We first consider a case where the treatment assignments are not pair randomized. Suppose the T_i are independent Bernoulli random variables with probability $p = .5$ and that we wish to estimate the average treatment effect. One estimate is obtained by taking the average observed outcome of the treatment group and subtracting the average observed outcome of the control group (the “simple difference estimator”). This estimator is unbiased, conditional on both the treatment and control groups containing at least one participant. However, for each participant, suppose we observe a q-dimensional vector of baseline covariates Z_i prior to treatment assignment. It may be possible to use these covariates to improve the precision of the estimate over the simple difference estimator. For example, we could estimate the average treatment effect as

\frac{1}{2 N} \sum_{i = 1}^{2 N} {2 (Y_{i} - {\hat{m}}_{i}) T_{i} - 2 (Y_{i} - {\hat{m}}_{i}) (1 - T_{i})},

where ${\hat{m}}_{i}$ is a function of Z_i . Several authors have noted an estimator of this form can be used to incorporate covariate information (e.g., see Robins, 2000; Robins et al., 1994; Scharfstein et al., 1999; Tsiatis et al., 2008). Aronow and Middleton (2013) use this estimator in a design-based framework and note that if ${\hat{m}}_{i}$ is predictive of the observed outcome Y_i , then the resulting estimate will improve over the unadjusted estimator. E. Wu and Gagnon-Bartsch (2018) build on this work and suggest estimating the quantity $m_{i} = (t_{i} + c_{i}) / 2$ . In addition, Aronow and Middleton (2013) note that this estimate is unbiased if T_i and ${\hat{m}}_{i}$ are independent. One way to ensure this independence is by obtaining ${\hat{m}}_{i}$ through a sample splitting procedure. For example, one could leave out the ith observation and calculate ${\hat{m}}_{i}$ using the remaining observations. As noted by Aronow and Middleton (2013), sample splitting is especially natural in the case of block-randomized experiments, where treatment assignments in one block are independent of treatment assignments in the remaining blocks. See Wager et al. (2016), Chernozhukov et al. (2018), Spiess (2018), and Rothe (2018) for similar estimators.

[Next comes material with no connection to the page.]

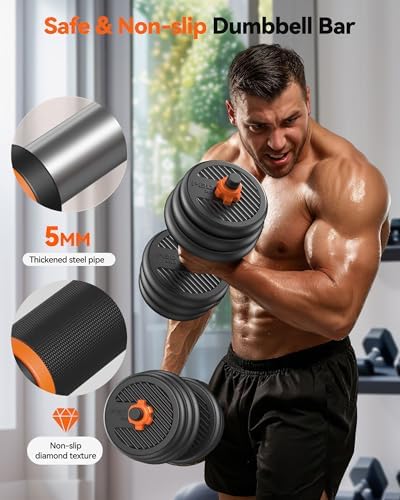 FEIERDUN Adjustable Dumbbells for Home Gym Use by Men and Women during Fitness Exercises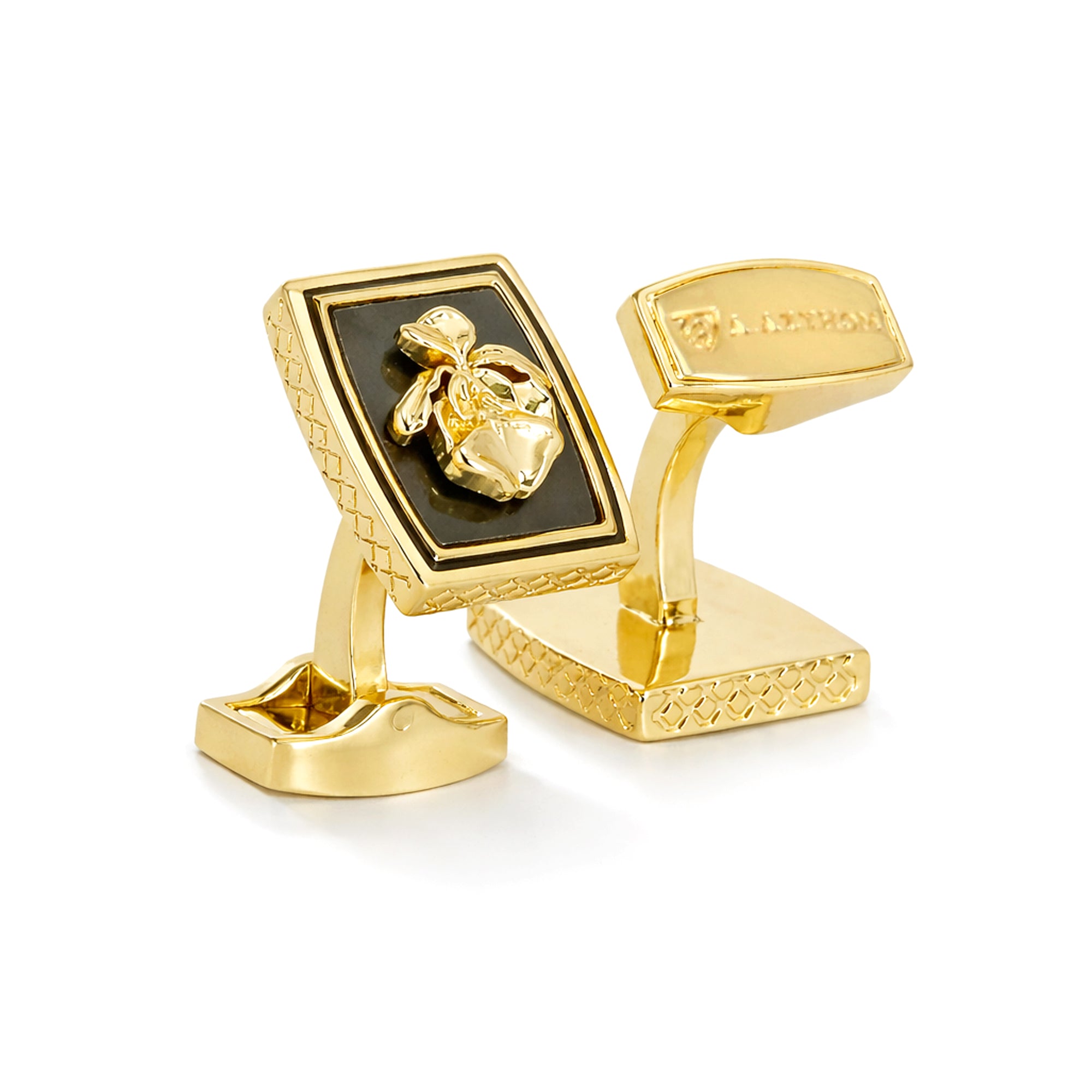 Premium cufflinks inspired by Vanda Miss Joaquim, showcasing elegant design and exquisite craftsmanship.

2.2. Notation for Paired Experiments

We now consider the case where the participants are pair randomized. Suppose that the $2 N$ participants are organized into N pairs. We index the pairs by $i = 1, 2, . . ., N$ , each with two participants indexed by $j = 1, 2$ , and the quantities defined in subsection 2.1 are reindexed by i and j. For example, for participant j in pair i, we denote the potential outcomes as $t_{i j}$ and $c_{i j}$ and define the observed outcome, treatment indicator, and covariates as $Y_{i j}$ , $T_{i j}$ , and $Z_{i j}$ , respectively.

For each pair, one of the two participants is randomly chosen to be assigned to treatment and the other is assigned to control. That is, $T_{i 1} \sim Bern (0.5)$ and $T_{i 2} = 1 - T_{i 1}$ . The $T_{i j}$ s are not mutually independent because exactly one participant in each pair must be assigned to treatment. However, we assume the $T_{i 1}$ s are mutually independent. We can therefore essentially convert our paired experiment to a Bernoulli randomized experiment by treating each pair as an experimental unit as we describe next.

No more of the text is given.